We analyzed 68,658 Retraction Watch records to find the biggest patterns, surprising signals, and practical actions. For a large publisher like Elsevier, this is an early-warning dashboard for where trust, reputation, and legal risk can spike. Source data: retraction_watch.csv (Crossref + Retraction Watch).
Each row is one retraction with reasons, journal, country, and dates. That lets us study patterns. But we do not have total papers published, so we cannot calculate true retraction rates. For a publisher, this means you should use this to spot risk hotspots, then validate with your own submission and acceptance volumes.
Conservative interpretation: use this dataset to identify process failures, detection shifts, and concentrations of risk, not to claim misconduct “rates” by country, field, or publisher without publication-volume denominators.
Try the toggle: removing Hindawi and IEEE shrinks the biggest spikes a lot. So this is not just a steady collapse everywhere; it is big cleanup waves plus a rising background trend. For Elsevier-like portfolios, the implication is clear: one or two portfolio events can dominate annual risk reporting.
When retractions are concentrated in a small group, the system becomes fragile: one publisher shock can affect the whole research ecosystem. For a large publisher, this means concentration should be tracked like a risk KPI, not treated as random noise.
Recent notices use more reason tags and more flags like paper mills, fake peer review, and AI-generated content. This likely reflects both real behavior changes and better detection. For publishers, this means screening tools and editor training need regular upgrades, not one-time fixes.
Network shows top reason co-occurrence pairs; heavy links reveal repeated investigative templates.
The map shows total counts, not rates. The bubble chart compares 2018–2020 vs 2023–2025. Big jumps point to places where targeted action may help most. For publishers, this supports region-specific integrity support instead of the same policy everywhere.
Each bubble is a publisher: x = time to retract, y = share of industrial misconduct signals, size = number of retractions. Far right means slower detection. Higher up means stronger manipulation signals. For a publisher like Elsevier, this shows which journal groups need faster escalation and tighter pre-publication checks.
Opaque notice share % = the percent of a publisher's retraction records that use low-detail labels (for example: "Notice - Limited or No Information," "Date Unknown," or "Removed"). Higher values mean less transparent explanations.
Some years have very large journal-specific events. Use this view to pick focused audits instead of broad one-size-fits-all rules. For big publishers, this helps allocate audit budget to the few journals that drive most downside risk.
These are simple moves a publisher can start now. They are practical, high-impact, and designed to reduce retractions before they happen.

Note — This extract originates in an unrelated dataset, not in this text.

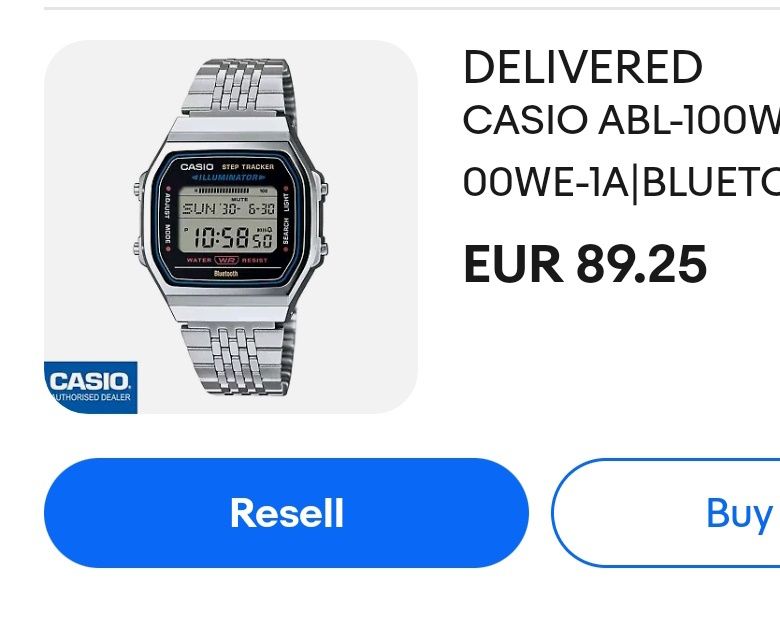 Casio ABL-100WE-1AEF nou cu garantie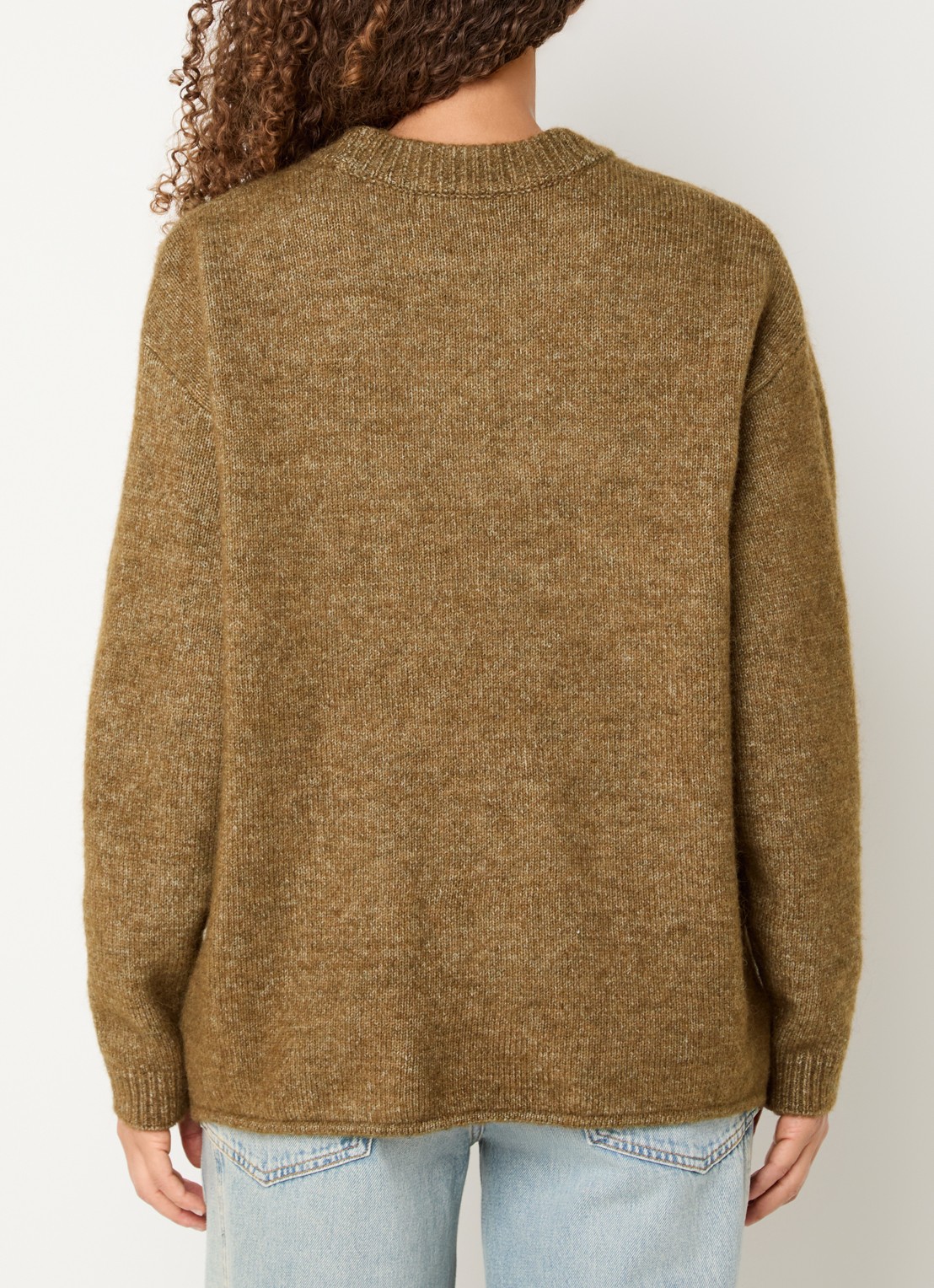 JOSH V Elina grofgebreide trui in alpaca wolblend - achterkant 4 zand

Before accepting a paper, run automatic checks for fake reviewers, copy-paste submissions, and strange citation patterns.
Why this matters: many problem papers look similar, so one shared check can block many bad submissions.
If one journal suddenly gets a wave of suspicious papers, pause new intake briefly and run an outside audit.
Simple trigger: sharp jump in peer-review red flags and complex misconduct reasons.
Use a standard reason list and always state who investigated. Clear notices reduce confusion and stop bad papers from being cited again.
Result: better accountability, better learning, and less repeat damage.
Robustness checks run: major-event exclusion (Hindawi+IEEE), alternative reason-family buckets, pre/post cohort deltas, concentration metrics (Top-1, Top-3, HHI), and lag quantiles instead of means.
Fallacy controls: no causal claims from correlation, avoid base-rate fallacy (missing denominator), watch Simpson effects when countries are multi-label, and separate behavior changes from detection changes.
Recommendation: pair this dataset with Crossref/Dimensions volume data to compute true retraction rates and confidence intervals by field/journal.
Context links are used to corroborate macro patterns; this deck’s quantitative claims come from the local `retraction_watch.csv` analysis.